In terms of space-time complexity which of the following is best way to iterate over a std::vector and why?

Way 1:

for(std::vector<T>::iterator it = v.begin(); it != v.end(); ++it) {
    /* std::cout << *it; ... */
}

Way 2:

for(std::vector<int>::size_type i = 0; i != v.size(); i++) {
    /* std::cout << v[i]; ... */
}

Way 3:

for(size_t i = 0; i != v.size(); i++) {
    /* std::cout << v[i]; ... */
}

Way 4:

for(auto const& value: a) {
     /* std::cout << value; ... */

ANSWER

First of all, Way 2 and Way 3 are identical in practically all standard library implementations.

Apart from that, the options you posted are almost equivalent. The only notable difference is that in Way 1 and Way 2/3, you rely on the compiler to optimize the call to v.end() and v.size() out. If that assumption is correct, there is no performance difference between the loops.

If it’s not, Way 4 is the most efficient. Recall how a range based for loop expands to

{
   auto && __range = range_expression ;
   auto __begin = begin_expr ;
   auto __end = end_expr ;
   for ( ; __begin != __end; ++__begin) {
      range_declaration = *__begin;
      loop_statement
   }
}

The important part here is that this guarantees the end_expr to be evaluated only once. Also note that for the range based for loop to be the most efficient iteration, you must not change how the dereferencing of the iterator is handled, e.g.
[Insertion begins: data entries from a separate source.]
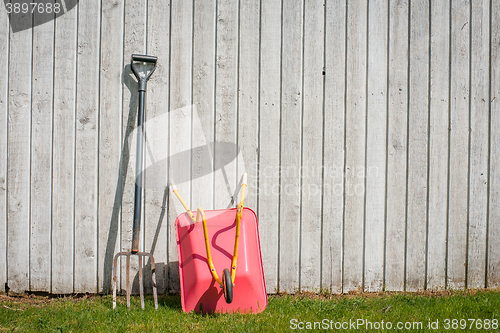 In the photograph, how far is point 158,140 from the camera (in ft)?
7.61

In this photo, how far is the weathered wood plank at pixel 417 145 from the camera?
2408 millimetres

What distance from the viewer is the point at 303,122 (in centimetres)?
237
for (auto value: a) { /* ... */ }

this copies each element of the vector into the loop variable value, which is likely to be slower than for (const auto& value : a), depending on the size of the elements in the vector.

Note that with the parallel algorithm facilities in C++17, you can also try out

#include <algorithm>
#include <execution>

std::for_each(std::par_unseq, a.cbegin(), a.cend(),
   [](const auto& e) { /* do stuff... */ });

but whether this is faster than an ordinary loop depends on may circumstantial details.